* _Your assignment_: Reproduce only this stretch of the listing below: from the line with "Car mechanic who" through the line with "Raw beef meat", exactly as written, with pictures excluded.

* _Records provided_:
######
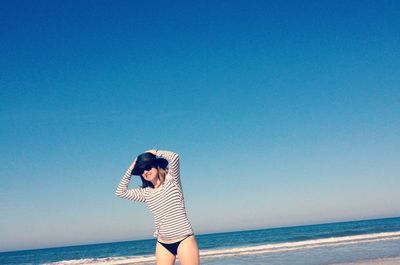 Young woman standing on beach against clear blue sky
######
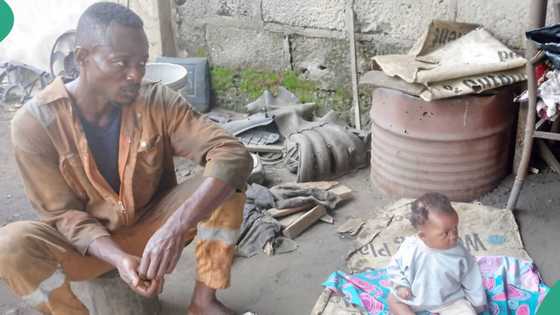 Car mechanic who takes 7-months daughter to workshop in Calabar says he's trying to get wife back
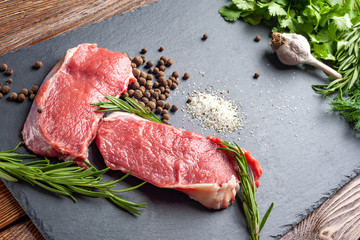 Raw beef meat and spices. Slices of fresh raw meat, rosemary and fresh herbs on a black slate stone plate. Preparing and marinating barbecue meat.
######
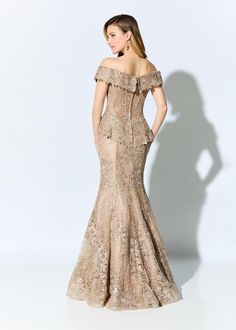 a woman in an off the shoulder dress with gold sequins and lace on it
######
* _Response below_:
 Car mechanic who takes 7-months daughter to workshop in Calabar says he's trying to get wife back
 Raw beef meat and spices. Slices of fresh raw meat, rosemary and fresh herbs on a black slate stone plate. Preparing and marinating barbecue meat.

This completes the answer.